(Beginning of Supplied entries)
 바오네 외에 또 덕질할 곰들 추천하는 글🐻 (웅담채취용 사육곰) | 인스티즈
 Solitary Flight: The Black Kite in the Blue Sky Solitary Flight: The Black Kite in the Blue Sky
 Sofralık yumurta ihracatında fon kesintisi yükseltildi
(End of Supplied entries)
(Beginning of Supplied entries)
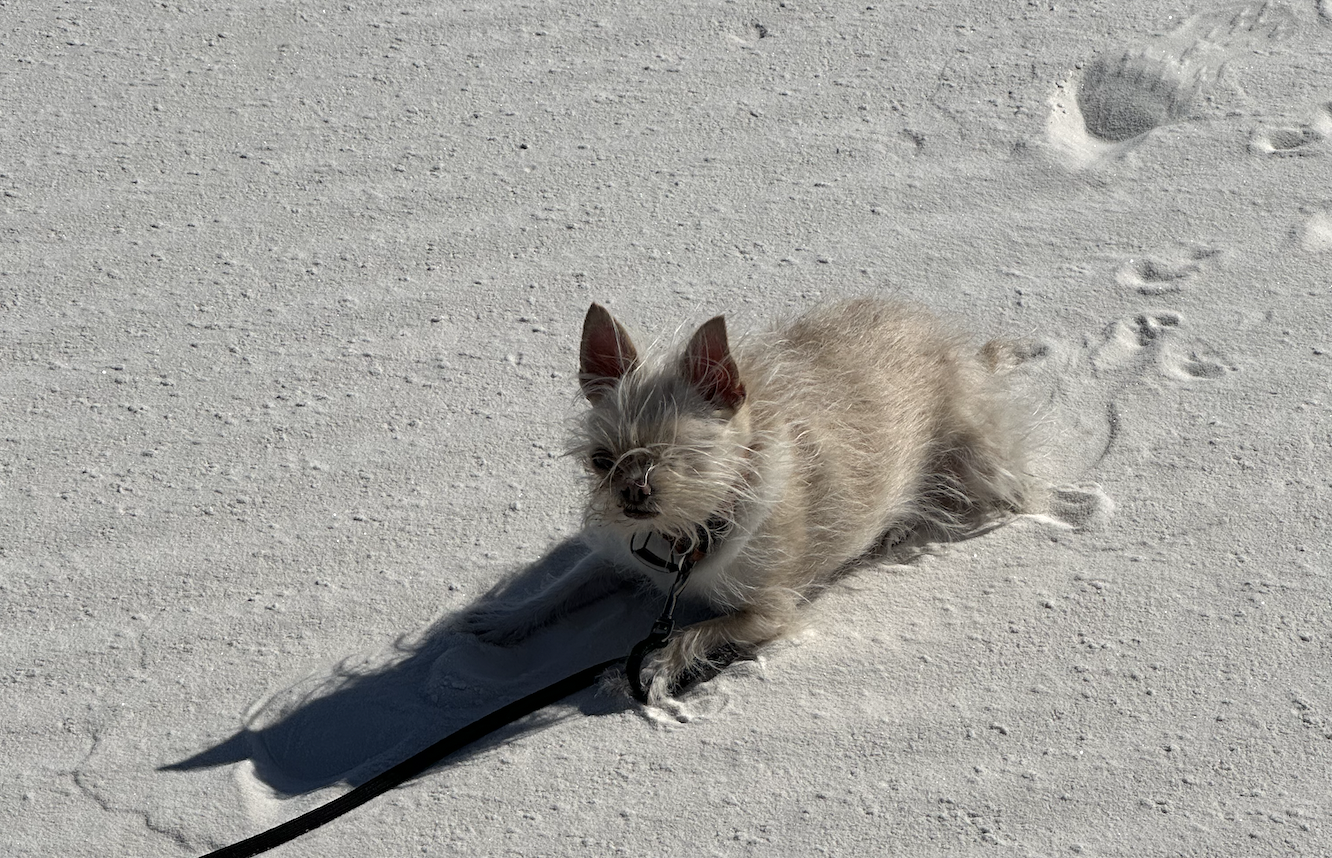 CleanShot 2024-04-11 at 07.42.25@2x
(End of Supplied entries)
Starting with the line above that holds "바오네 외에 또 덕질할 곰들 추천하는 글🐻 (웅담채취용 사육곰) | 인스티즈" and stopping with the line that holds "Sofralık yumurta ihracatında", reproduce each line exactly, omitting all other lines.

 바오네 외에 또 덕질할 곰들 추천하는 글🐻 (웅담채취용 사육곰) | 인스티즈
 Solitary Flight: The Black Kite in the Blue Sky Solitary Flight: The Black Kite in the Blue Sky
 Sofralık yumurta ihracatında fon kesintisi yükseltildi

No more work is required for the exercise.